Secondary thrombocytosis usually has a platelet count of fewer than 800 × 109 L (5). Although extreme thrombocytosis usually appears in ET, caution should be exercised regarding the diagnosis given that the morbidity of ET is much lower than that of RT (6). We searched several studies (7-9) reporting extreme RT in which the primary diseases were splenectomy, iron deficiency, and infection including respiratory syncytial virus bronchiolitis and pneumonia (mostly in infants). A study on Chinese people indicated that RT is not rare in ANCA-associated vasculitis patients and it has an occurrence rate of about 20% (10). Nevertheless, no further studies have systematically reported the range of thrombocytosis. Among the cases which we found relating to immune complex and ANCA-associated CGN, no one reported the occurrence of extreme thrombocytosis. Inversely, there were cases reporting a probable association between thrombocytopenia and ANCA (3, 11).

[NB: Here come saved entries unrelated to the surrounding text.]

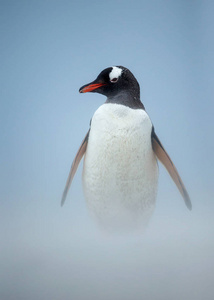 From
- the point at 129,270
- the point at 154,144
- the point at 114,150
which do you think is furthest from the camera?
the point at 154,144

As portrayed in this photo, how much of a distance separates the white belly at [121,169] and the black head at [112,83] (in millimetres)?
89

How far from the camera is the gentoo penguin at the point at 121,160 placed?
3.48 ft

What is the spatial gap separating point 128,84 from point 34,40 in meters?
0.53

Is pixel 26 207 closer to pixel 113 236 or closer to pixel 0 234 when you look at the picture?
pixel 0 234

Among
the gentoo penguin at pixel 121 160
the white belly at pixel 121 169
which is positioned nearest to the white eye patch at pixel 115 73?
the gentoo penguin at pixel 121 160

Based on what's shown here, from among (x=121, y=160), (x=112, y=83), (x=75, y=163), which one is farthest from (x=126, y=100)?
(x=75, y=163)

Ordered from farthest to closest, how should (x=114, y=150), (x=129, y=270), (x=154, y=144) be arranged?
(x=154, y=144), (x=114, y=150), (x=129, y=270)

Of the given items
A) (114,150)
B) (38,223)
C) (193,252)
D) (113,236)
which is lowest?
(193,252)

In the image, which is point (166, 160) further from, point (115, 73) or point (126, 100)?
point (115, 73)

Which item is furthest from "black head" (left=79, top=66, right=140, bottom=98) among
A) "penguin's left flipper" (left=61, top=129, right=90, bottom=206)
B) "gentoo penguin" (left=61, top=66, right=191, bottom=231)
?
"penguin's left flipper" (left=61, top=129, right=90, bottom=206)

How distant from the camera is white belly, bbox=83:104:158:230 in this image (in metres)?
1.06

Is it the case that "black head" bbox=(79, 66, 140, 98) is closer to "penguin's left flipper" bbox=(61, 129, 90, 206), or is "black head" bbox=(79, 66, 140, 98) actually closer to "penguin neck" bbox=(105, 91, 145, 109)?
"penguin neck" bbox=(105, 91, 145, 109)

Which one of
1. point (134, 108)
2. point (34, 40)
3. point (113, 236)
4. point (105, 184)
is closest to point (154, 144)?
point (134, 108)

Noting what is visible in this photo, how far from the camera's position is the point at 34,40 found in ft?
4.05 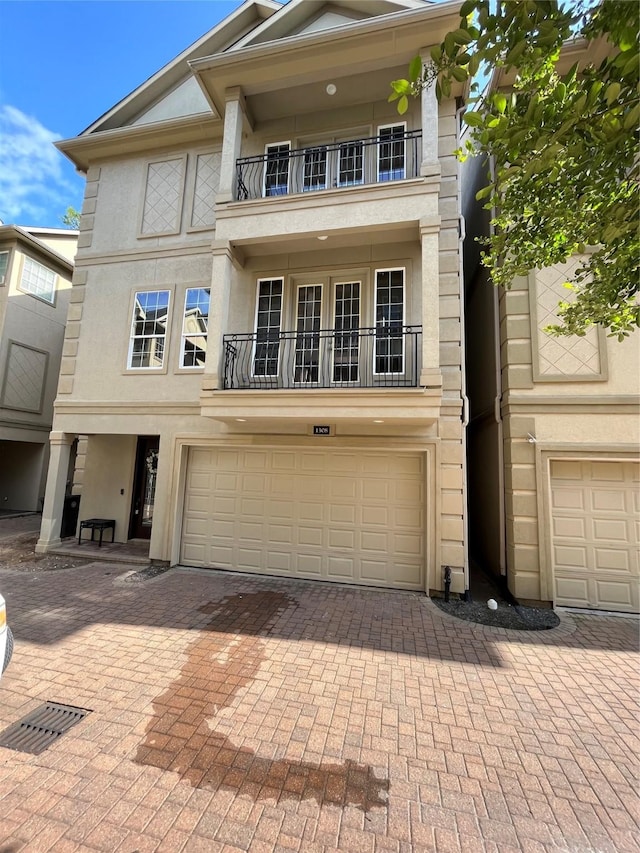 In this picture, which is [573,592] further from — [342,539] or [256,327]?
[256,327]

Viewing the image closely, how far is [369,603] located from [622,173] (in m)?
6.03

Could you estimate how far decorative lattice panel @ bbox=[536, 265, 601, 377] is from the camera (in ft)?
21.3

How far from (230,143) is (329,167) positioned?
199 cm

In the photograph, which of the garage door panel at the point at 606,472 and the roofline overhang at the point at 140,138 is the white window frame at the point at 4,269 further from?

Some studies have reported that the immune complex acts synergistically with ANCA to produce more severe glomerulonephritis, as is manifested by heavier proteinuria and inferior kidney function (12, 13). That means that the coexistence of ANCA and the immune complex may cause a far more active immune and inflammatory state, leading to an extremely high platelet count. There have been a considerable number of articles researching the association between thrombocytosis and cytokines such as IL-6, IL-11, and thyroperoxidase (TPO) in inflammatory conditions such as infection and rheumatoid arthritis. With respect to CGN, however, there are only a few animal studies contradictorily showing a relation between the platelet count and nephritis and failing to mention ANCA (14, 15). More clinical and basic studies are needed to uncover the association between extreme RT and the immune complex in ANCA-associated CGN and further reveal the possible mechanism.

Reaching a definite diagnosis of thrombocytosis is not as easy as expected in some cases. The coexistence of ANCA and the immune complex may cause severe CGN, leading to extreme RT. The roles that the immune complex and ANCA play in the effect of the PLT count and function on CGN need further studies.